Start of Task data

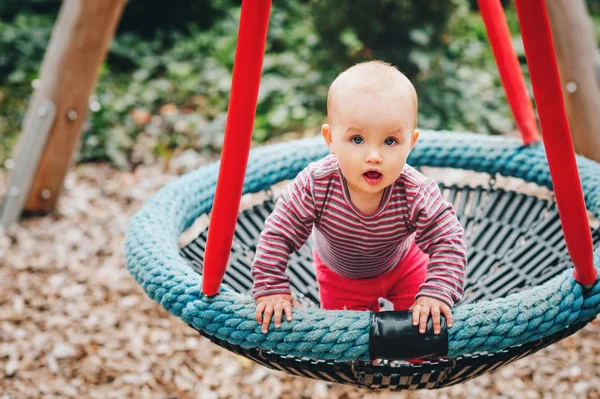 Baby girl having fun in the park, 9-12 months old kid playing in the big swing, summer playground, activities for children — Stock Photo, Image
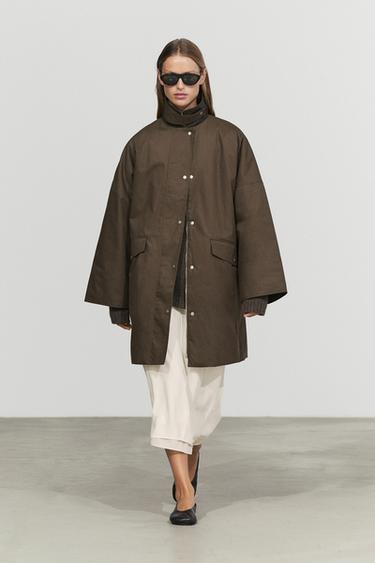 Chaqueta efecto encerado interior cuadros - oliva de Zara - Imagen 0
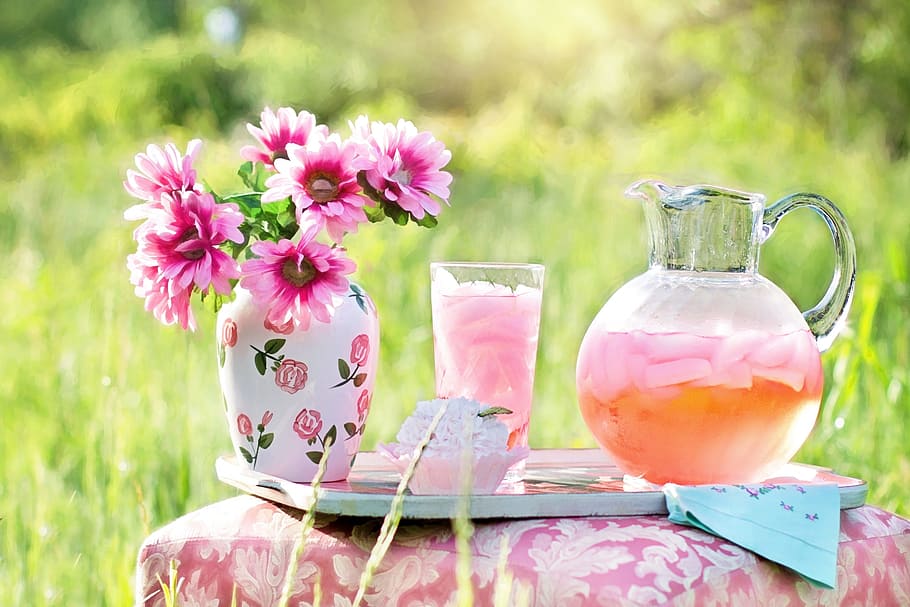 clear glass of pitcher with juice near glass full of juice and pink flowers in vase on table, HD wallpaper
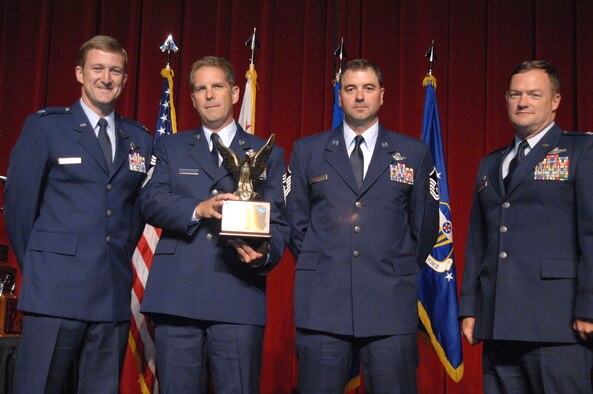 From left to right, Lt. Col. Tom Jensen, Chief Master Sgt. Jim Masura, Master Sgt. Scott Dellinger and Col. Dave Pavey, 446th Operations Group commander, pose with the Aircrew Excellence Award which was given to the crew from the 446th Airlift Wing, Joint Base Lewis-McChord, Washington, at the 11th Annual Raincross Trophy dinner held July 23, 2014, at the Riverside Convention Center, Riverside, California. The dinner is hosted by the Greater Riverside Chambers of Commerce Military Affairs Committee to honor and recognize the 11 wings and two groups in 4th Air Force. (U.S. Air Force photo/Senior Master Sgt. Kim Allain) 

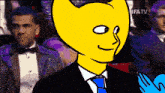 a cartoon of a man in a tuxedo with a yellow face and the word ifa tv behind him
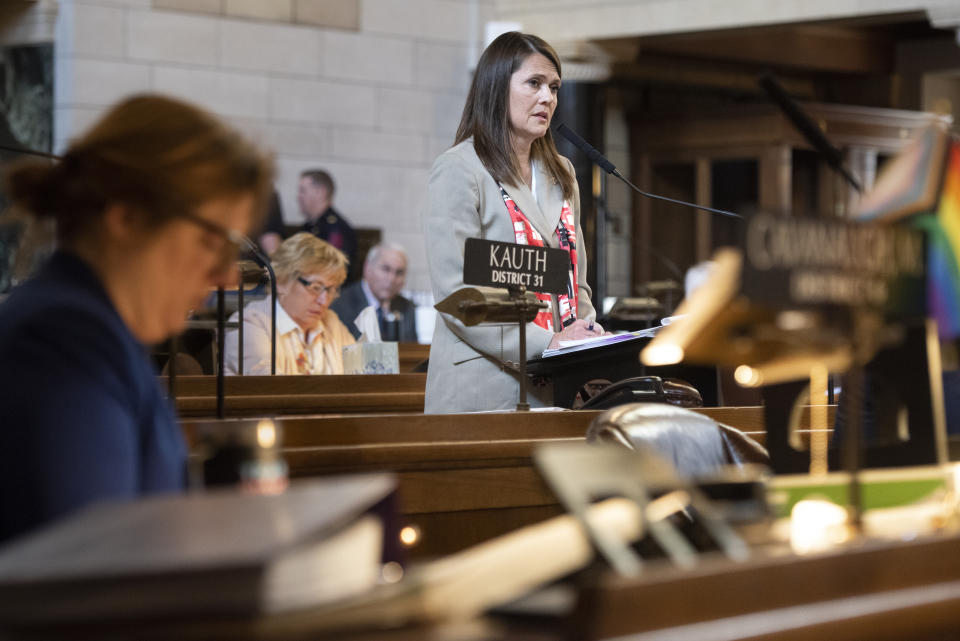 FILE - Nebraska Sen. Kathleen Kauth of Omaha speaks during the final reading of LB574, which limits gender-affirming care for trans youth, May 19, 2023, in Lincoln, Neb. Regulations tied to a Nebraska law passed in 2023 restricting gender-affirming care for minors were approved Tuesday, March 12, 2024, by Gov. Jim Pillen, and they largely mirror temporary regulations adopted last October — including a seven-day waiting period to start puberty blocking medications or hormone treatments. (Justin Wan/Lincoln Journal Star via AP, File)
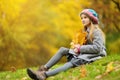 Cute little girl having fun on beautiful autumn day. Happy child playing in autumn park. Kid gathering yellow fall foliage. Royalty Free Stock Photo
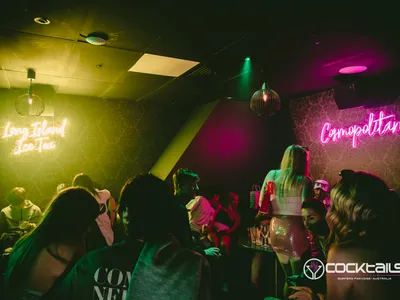 A professional photo of guests enjoying themselves at Cocktails Nightclub from our gallery.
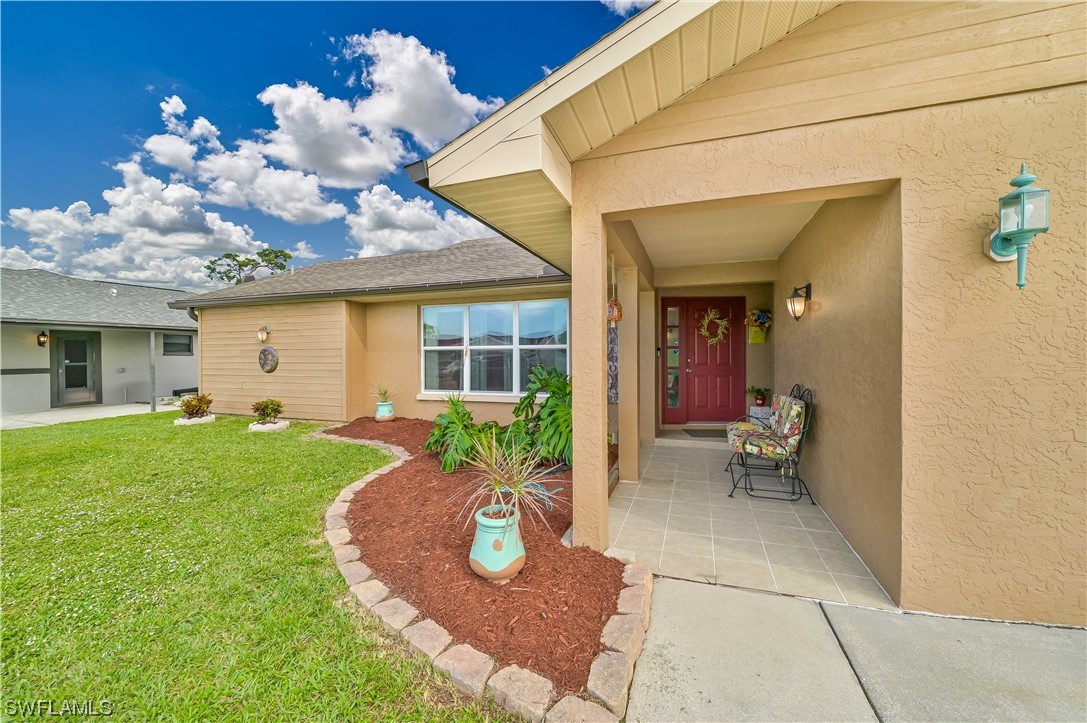 17433 Duquesne Road Fort Myers, FL 33967 - Photo 3 of 28 a view of a house with backyard porch and garden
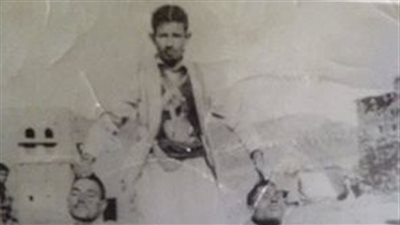 بالصورة.. مسلح يمني حوثي يحمل رءوس جنود مصريين مقطوعة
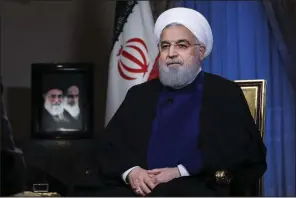  ?? AP/Iranian Presidency Office ?? Iranian President Hassan Rouhani, addressing the nation Monday in a televised speech from Tehran, demanded that Iran be compensate­d for U.S. “interventi­on” dating back to the 1953 CIA-backed coup.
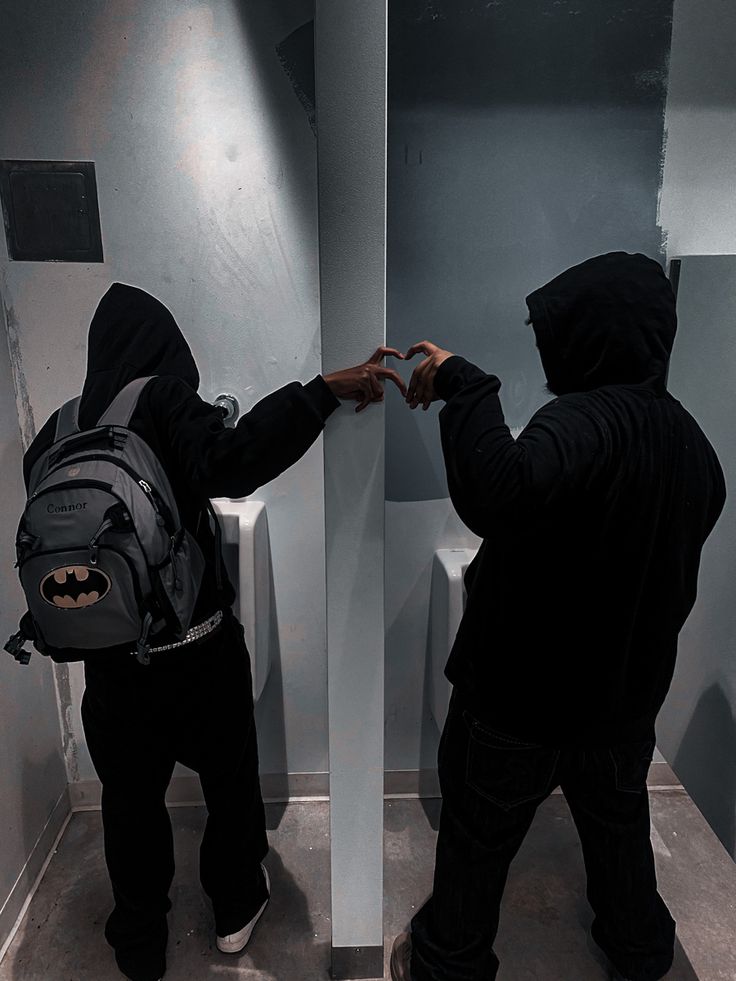 two people in black hoodies are standing near a toilet and looking at each other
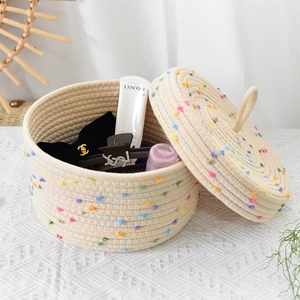 Detail of hand-woven cotton rope storage basket with colorful pom-poms and lid handle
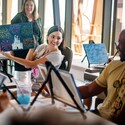 A woman holds up her painting of Cinderella Castle surrounded by fireworks during a painting class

End of Task data

## What is being asked
All lines after and including the one with "17433 Duquesne Road", through the end of the entries above, should be output exactly and by themselves. The pictures are to be left out.

## Result for this task
 17433 Duquesne Road Fort Myers, FL 33967 - Photo 3 of 28 a view of a house with backyard porch and garden
 بالصورة.. مسلح يمني حوثي يحمل رءوس جنود مصريين مقطوعة
  ?? AP/Iranian Presidency Office ?? Iranian President Hassan Rouhani, addressing the nation Monday in a televised speech from Tehran, demanded that Iran be compensate­d for U.S. “interventi­on” dating back to the 1953 CIA-backed coup.
 two people in black hoodies are standing near a toilet and looking at each other
 Detail of hand-woven cotton rope storage basket with colorful pom-poms and lid handle
 A woman holds up her painting of Cinderella Castle surrounded by fireworks during a painting class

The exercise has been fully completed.